** TASK GOAL **
Skip every picture, and copy exactly the lines from the one containing "Linen Trousers - White" to the end of the data.
[INFORMATION Boundary: Start]
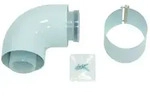 Vaillant Bogen 87 Grad Brennwert Luft-/Abgasf&uuml;hrung PP, 60/100mm, 303910 303910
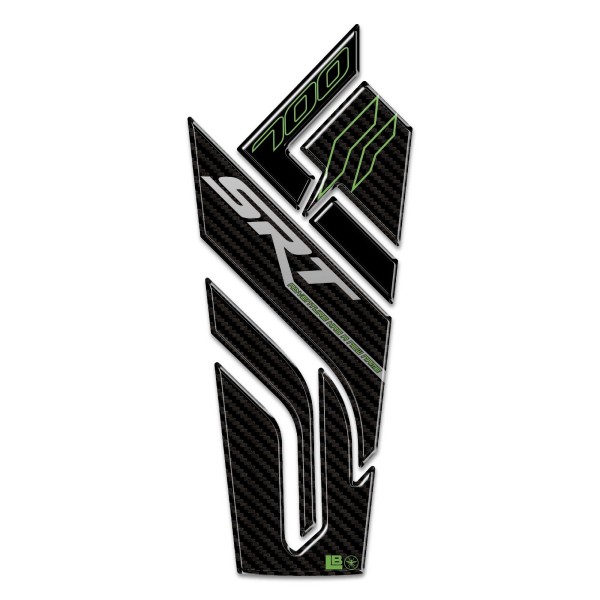 Paraserbatoio Adesivo 3D Protezione moto compatibile con QJ Motor SRT 700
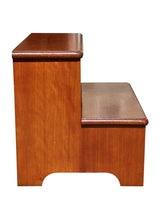 Load image into Gallery viewer, Elegant Chippendale Style Mahogany Two Tier Bed Steps - Beautiful Color &amp; Form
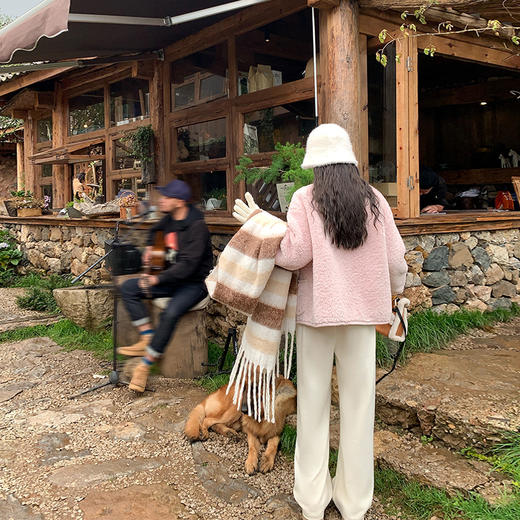 <曾小咸推荐>现货秒杀 ！微信超特价！奶fufu羊羔毛外套 日常229.99 立减90 秒杀139.99！！ 商品图4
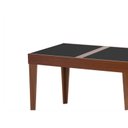 Ver imagem 4 de Mesa de Jantar Extensível 120x80cm Tampo de Vidro Paris Marrom/Imbuia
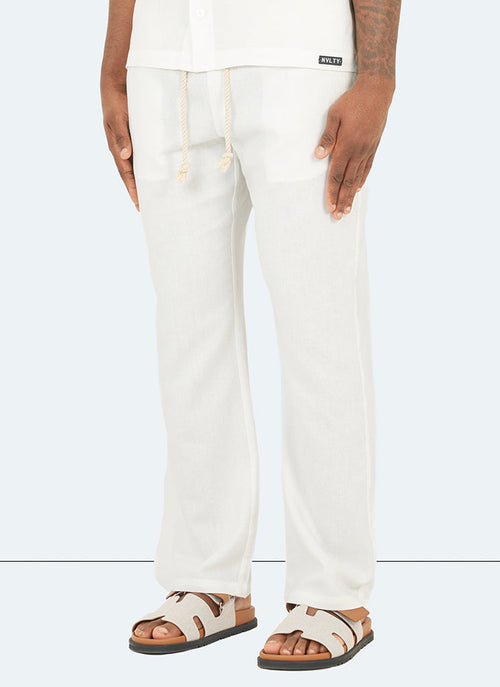 Linen Trousers - White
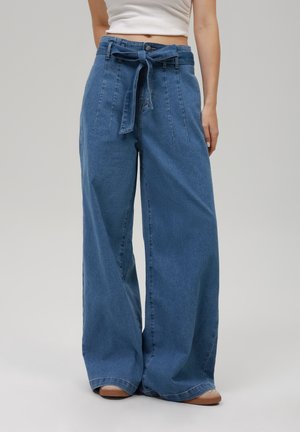 Pernera ancha - blue denim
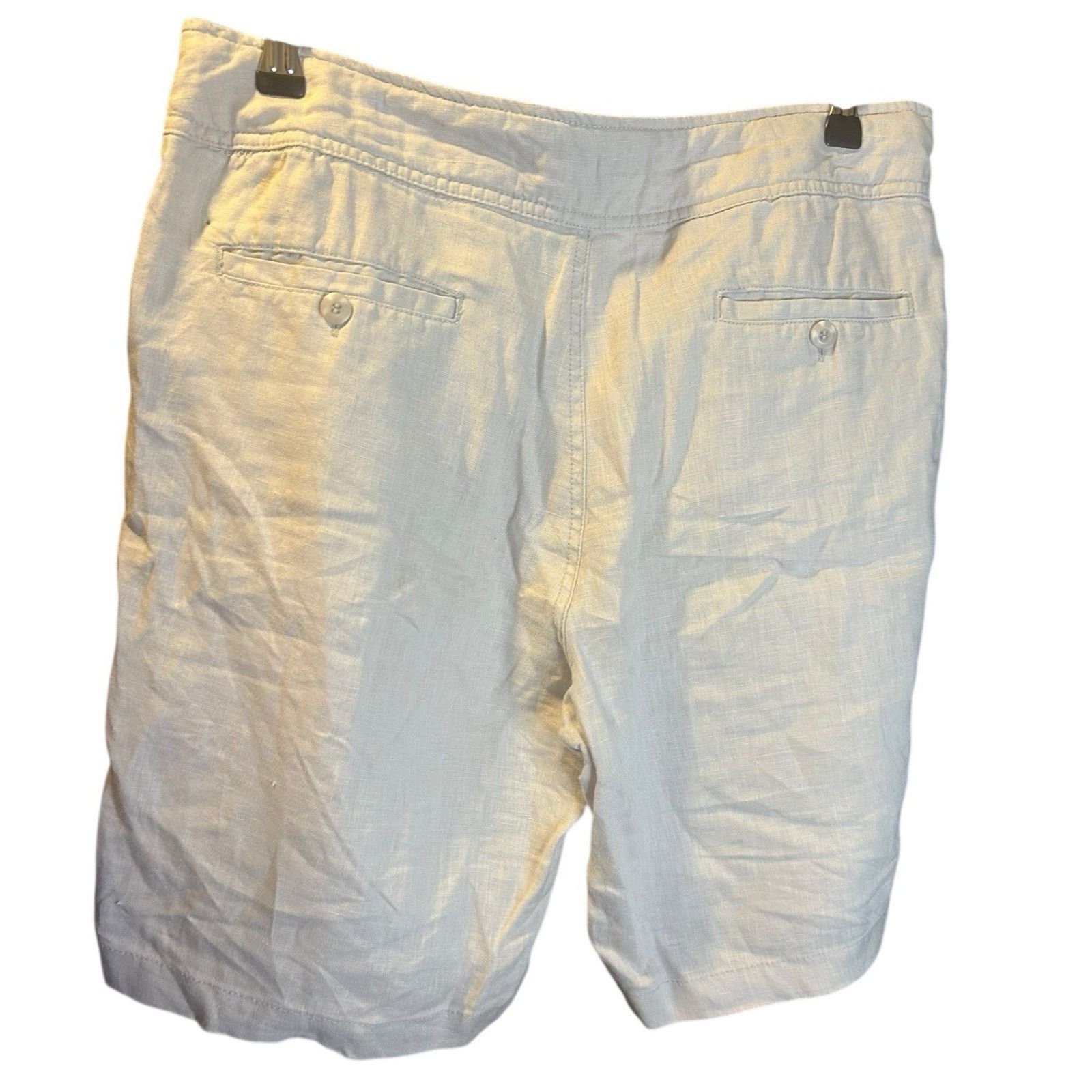 Jones New York Jones New York Bermuda Shorts Womens Size 10 100% Linen Size 32" / US 10 / IT 46 - 3 Thumbnail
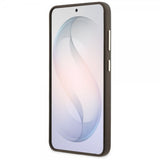 Guess Samsung Galaxy S26 Plus Cover 4G Logo Grained Brun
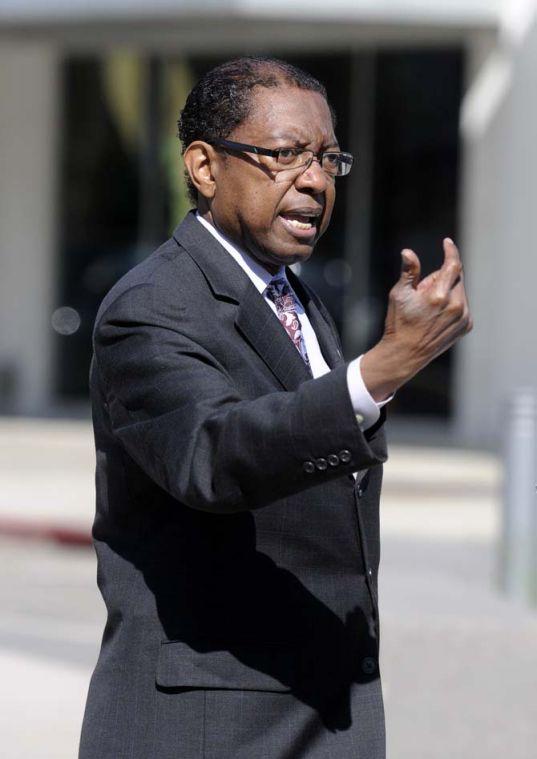 Baton Rouge Mayor Kip Holden speaks to reporters Tuesday, March 25, 2014, during a press conference at North Boulevard Town Square.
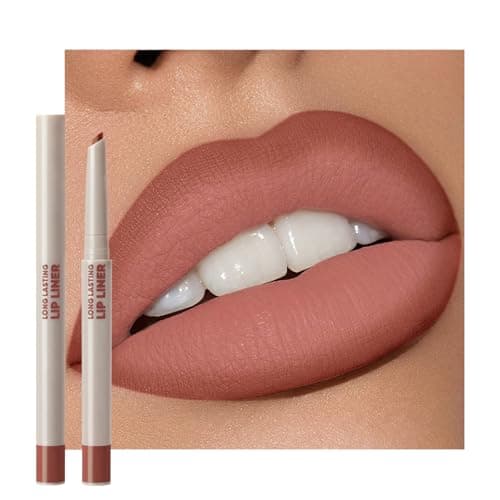 Image of Erinde Long-Lasting Lipstick Pencil, 2-in-1 Matte Lipliner Pencil for Sculpting & Filling, Rich Color Creamy Waterproof Lip Liner Crayon, Lip Contour Tint Makeup, Vegan & Cruelty-Free, 08 Oxblood Red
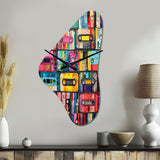 Cassette Tapes Tape Mosaic I - Asymmetric Metal Wall Clock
[INFORMATION Boundary: End]
** TASK ANSWER **
 Linen Trousers - White
 Pernera ancha - blue denim
 Jones New York Jones New York Bermuda Shorts Womens Size 10 100% Linen Size 32" / US 10 / IT 46 - 3 Thumbnail
 Guess Samsung Galaxy S26 Plus Cover 4G Logo Grained Brun
 Baton Rouge Mayor Kip Holden speaks to reporters Tuesday, March 25, 2014, during a press conference at North Boulevard Town Square.
 Image of Erinde Long-Lasting Lipstick Pencil, 2-in-1 Matte Lipliner Pencil for Sculpting & Filling, Rich Color Creamy Waterproof Lip Liner Crayon, Lip Contour Tint Makeup, Vegan & Cruelty-Free, 08 Oxblood Red
 Cassette Tapes Tape Mosaic I - Asymmetric Metal Wall Clock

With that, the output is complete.